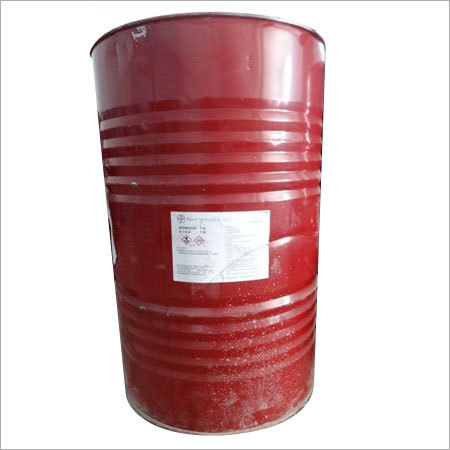 Silicon surfuctant Silicon surfuctant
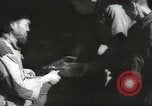 Immagine di Rifugiati cinesi Kiukiang Cina, 1938, secondo 35 filmato di repertorio 65675065153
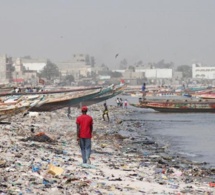« BAIE DE HANN : MBAO, ENTRE LE MARTEAU DE LA DEPOLLUTION DE LA BAIE DE HANN ET L’ENCLUME DE LA STATION D’EPURATION »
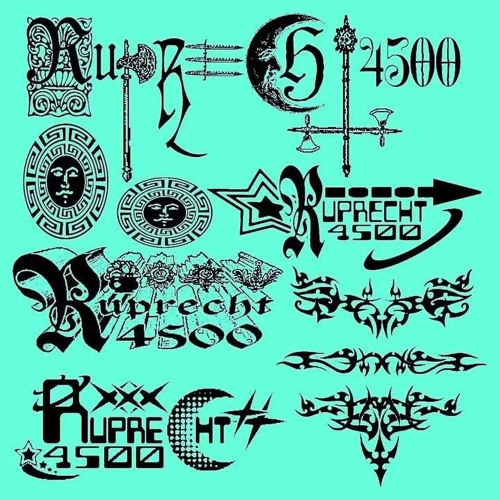 gehyrngebrochen68686 (sigfrid neocities)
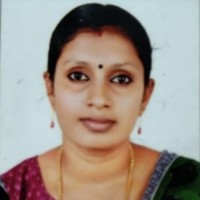 Simi Mani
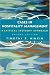 Cases in Hospitality Management: A Critical Incident Approach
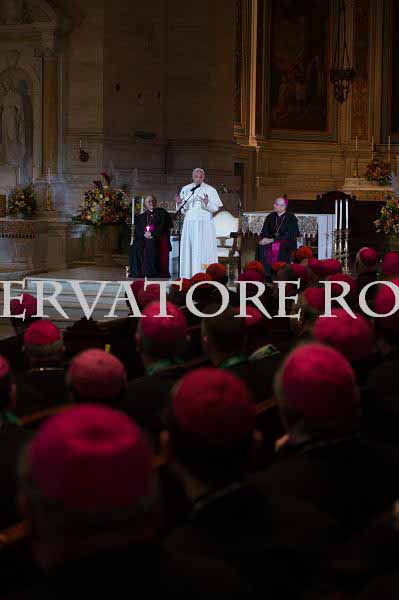 %_tempFileName29514_27092015%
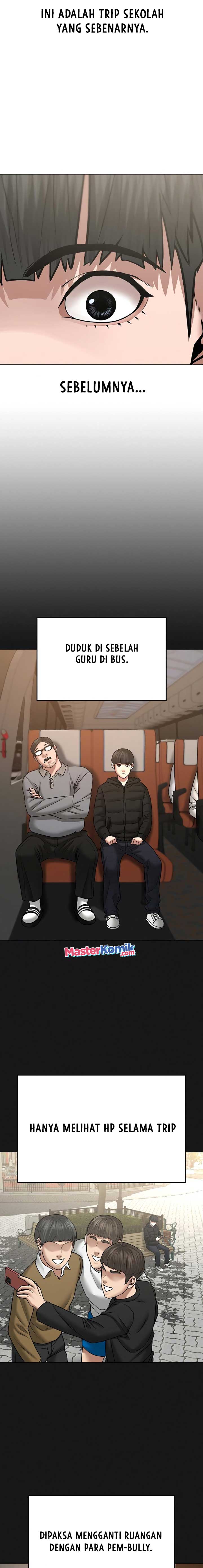 Reality Quest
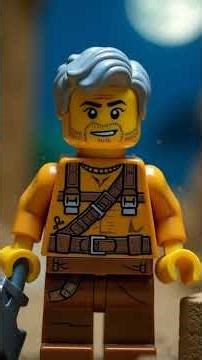 Coral Castle: Florida’s Ancient Engineering Mystery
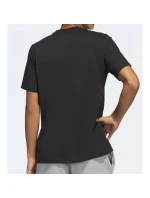 Pánske tričko Fill Graphic M HS2513 - Adidas Pánske tričko Fill Graphic M HS2513 - Adidas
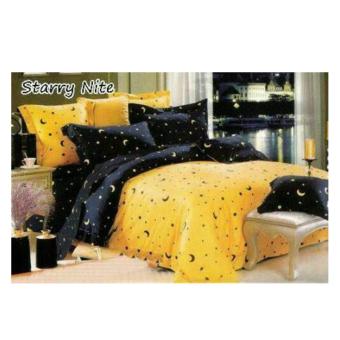 daftar harga bed cover terbaru agustus 2017 bed cover daftar harga bed cover terbaru agustus 2017 bed cover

==================================================

**Work to complete:**
Although the records above contain pictures, output every line exactly and leave the pictures out.

**Exercise solution:**
 Silicon surfuctant Silicon surfuctant
 Immagine di Rifugiati cinesi Kiukiang Cina, 1938, secondo 35 filmato di repertorio 65675065153
« BAIE DE HANN : MBAO, ENTRE LE MARTEAU DE LA DEPOLLUTION DE LA BAIE DE HANN ET L’ENCLUME DE LA STATION D’EPURATION »
 gehyrngebrochen68686 (sigfrid neocities)
 Simi Mani
 Cases in Hospitality Management: A Critical Incident Approach
 %_tempFileName29514_27092015%
 Reality Quest
 Coral Castle: Florida’s Ancient Engineering Mystery
 Pánske tričko Fill Graphic M HS2513 - Adidas Pánske tričko Fill Graphic M HS2513 - Adidas
 daftar harga bed cover terbaru agustus 2017 bed cover daftar harga bed cover terbaru agustus 2017 bed cover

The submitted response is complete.